Sobre el escritorio del doctor Karpetinsky apareció una misteriosa nota:
“Querido colega, omitiste un pequeño detalle, y lo que es peor, subestimaste mis conocimientos y mi capacidad. Yo también voy en busca del Nóbel”. Dr. Venganza.
Era una nota digna de una de esas pésimas películas de terror que tanto le gustaban a Karpetinsky, pero igual le corrió un escalofrío por todo el cuerpo. Se dirigió a gran velocidad hasta el baldío en el que había dejado el cuerpo de Pacha y al no encontrarlo se arrancó los cabellos con desesperación.

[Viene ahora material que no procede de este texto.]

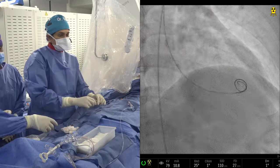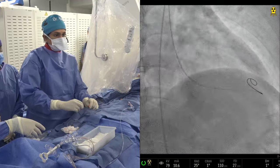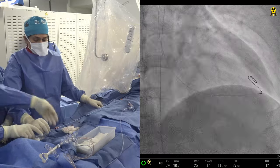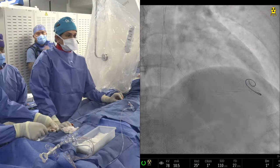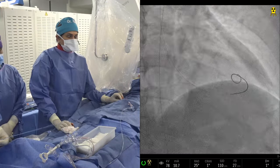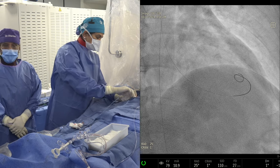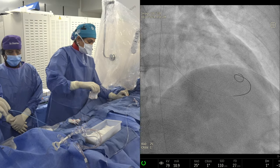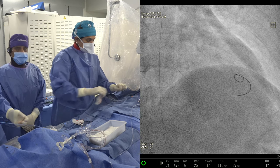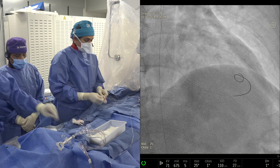We still use single access, although we had a little trouble with one case. We've been using single access and now with the new companion sheet from Abiomed. Unless we see trouble with guide engagement — because with single access your movement of the guide is very hampered — if there's trouble with guide engagement, we'll go contralateral puncture, but otherwise we're doing all cases with single access.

—¿Qué hice? ¿Adónde está el cuerpo de este desgraciado? ¡Yo sé que lo maté!
—Parece que no —dijo Pacha saliendo de atrás de un grueso roble, tras lo cual se abalanzó sobre el atribulado Karpetinsky y le clavó una hipodérmica de tanatanol en la carótida—. Ahora vamos a hacer algunos experimentos, doctor Karpetinsky, pero con mucho cuidado, porque yo no quiero que me ocurra lo mismo que le sucedió a usted.
Pacha trabajó durante dos años en el cuerpo del doctor. Para cuando terminó, Karpetinsky pesaba trece kilos, estaba arrugado como una ciruela pasa y tenía todas las enfermedades que se conocen, aunque Pacha las mantenía controladas en la frontera entre la vida y la muerte gracias al suero de la inmortalidad que obtenía de su propia sangre. La venganza estaba casi consumada. Pero faltaba un pequeño detalle: el bendito premio Nóbel. Pacha presentó su trabajo sobre el suero total y le fue concedido. Se encontró con el rey de Suecia para recibir el dinero y como no había estatuilla compró una en la estación de ferry de Estocolmo; Karpetinsky nunca había visto un Nobel.
—¿Ves esto, maldito? —dijo abanicando el trofeo ante la cara del malvado. Karpetinsky no podía hablar, pero parpadeó. Ahora pesaba apenas medio kilo y parecía a un escarabajo. Eso era exactamente lo que quería Pacha. Ya le había mostrado el supuesto premio y sólo faltaba ponerle la cereza al postre. Utilizó una llave maestra para entrar a la casa de Karpetinsky un día que la esposa del médico había salido de compras, y dejó el cuerpo a los pies de la cama. Cuando la mujer regresó a la casa y vio a aquel bicho repugnante no pudo resistir la impresión y el asco: lo mató a pisotones.